Multiple producers and consumers

Interestingly, the producer-consumer code presented previously works if there is only one producer and one consumer thread. However, if there are multiple producers or multiple consumers, this code fails. For example, if two producers try to produce to a full queue, both of them may start waiting on not_full. If a consumer consumes one element, and calls notify, both producers will wakeup. Each of them will, in turn, try to acquire qlock and produce an element. However, the consumer only consumed one element, and the two producers will produce two elements, causing a queue overflow!

The problem is that the producer threads, do not check the condition after waking up from a wait(), and simply assume that the condition is true. This problem can be fixed by requiring the threads to check the condition again after returning from wait.
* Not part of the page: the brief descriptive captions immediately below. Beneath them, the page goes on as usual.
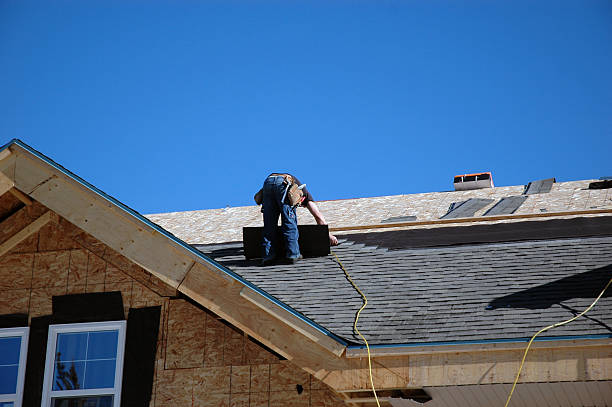 Best Affordable Roofing Company  in Ruston, WA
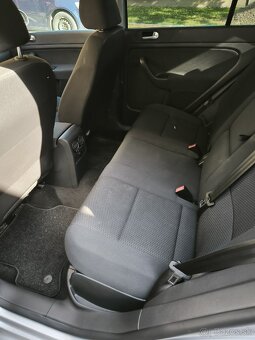 Predám Vw Golf 6 plus - 11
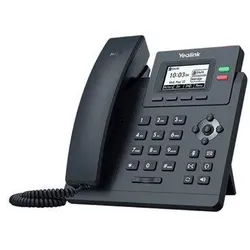 Yealink SIP-T31G - VoIP-Telefon fünfwegig Anruffunktion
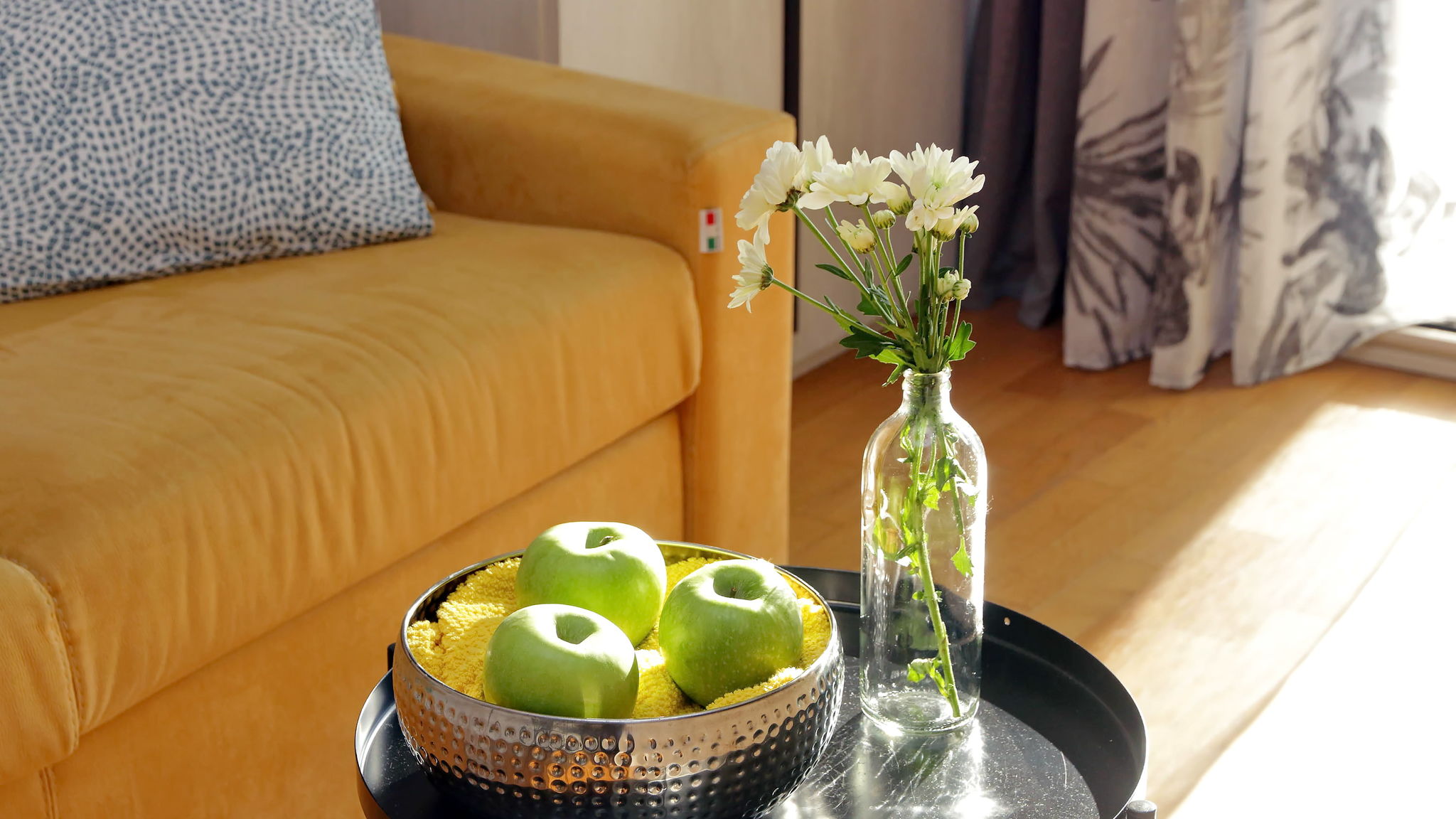 Italianway Roma Marta's flat by Domus&Dimore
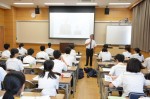 平成30年度体験入学＜三国中学校＞【85】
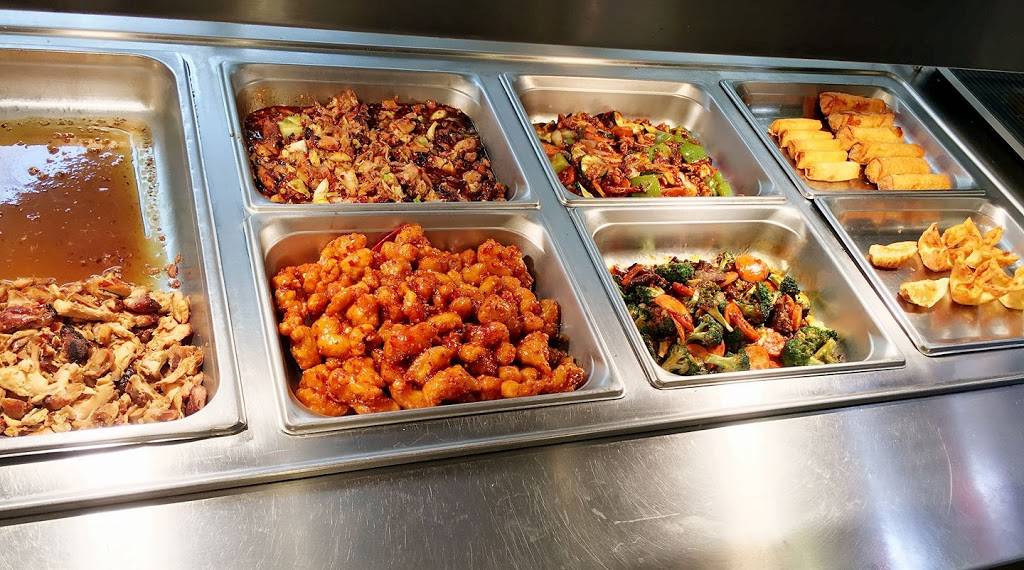 Chow Joe Cuisine | restaurant | 2201 S interstate 35E, FC-1, Denton, TX 76205, USA | 9402439898 OR +1 940-243-9898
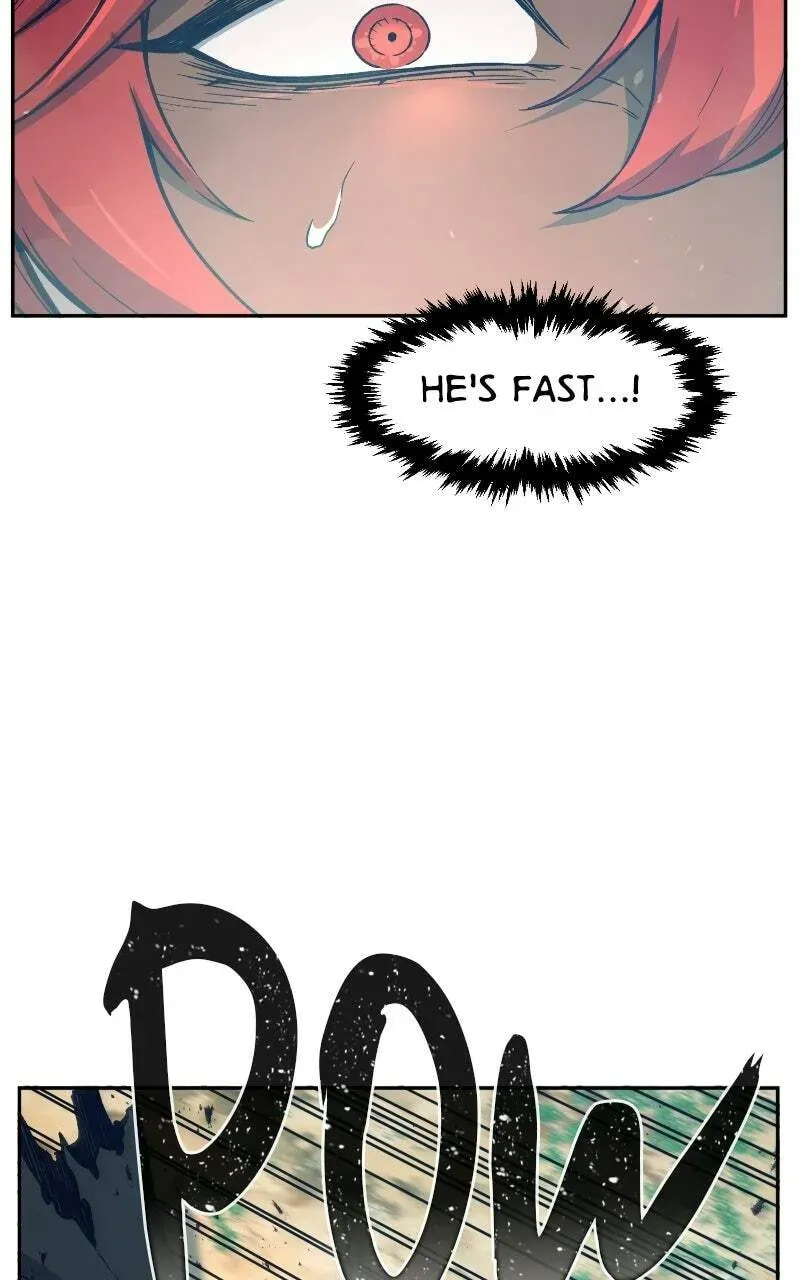 Read Absolute Sword Sense chapter 1.5 image 15 on Lezhin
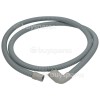 Tuyau Flexible TDW45/1FI Smeg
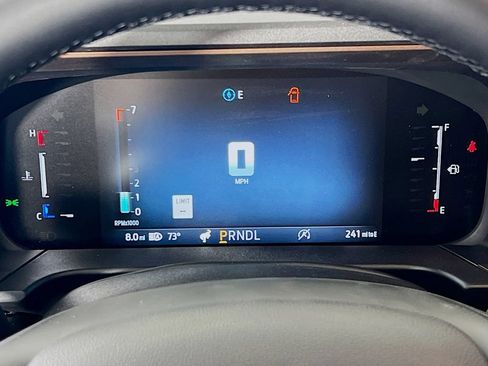New 2026 Ford Bronco Sport Outer Banks w/ Outer Banks Tech Package+ AWD/4WD image 2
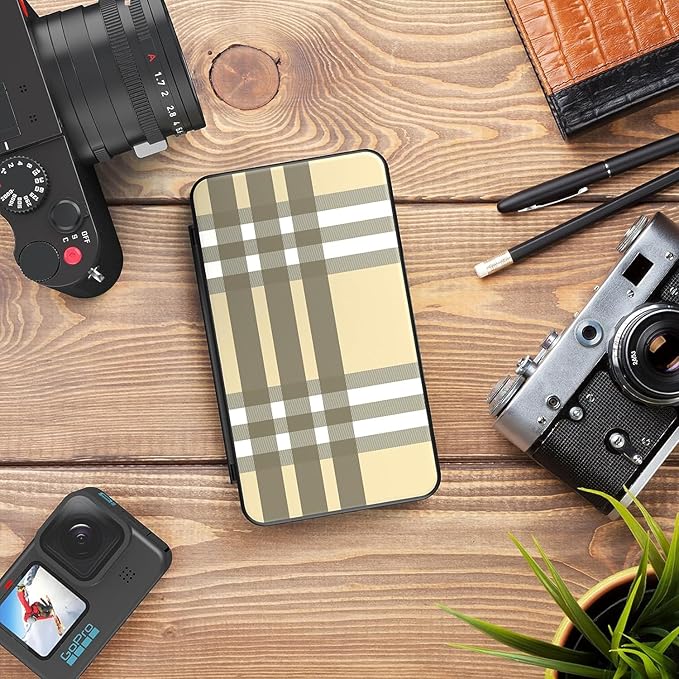 HEIYING Memory Card Case for SD/TF Cards, Portable SD Card Holder Storage Case - Image 7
This can be done by replacing the if condition with a while condition, as follows:

char queue[MAX];  //global
int head = 0, tail = 0; //global
struct cv not_full, not_empty;
struct lock qlock;

void produce(char data) {
  acquire(&qlock);
  while ((head + 1) % MAX  ==  tail) {
    wait(&not_full, &qlock);
  }
  queue[head] = data;
  head = (head + 1) % MAX;
  notify(&not_full);
  release(&qlock);
}

char consume(void) {
  acquire(&qlock);
  while (tail == head) {
    wait(&not_empty, &qlock);
  }
  e = queue[tail];
  tail = (tail + 1) % MAX;
  notify(&not_empty);
  release(&qlock);
  return e;
}
A thread that has just woken up from wait() will again check the condition (because of the while construct). If the condition is true, it will go back to sleep (by another call to wait()). If the condition is false, it will fall through and perform its operation. This code is correct, even for multiple producers and multiple consumers.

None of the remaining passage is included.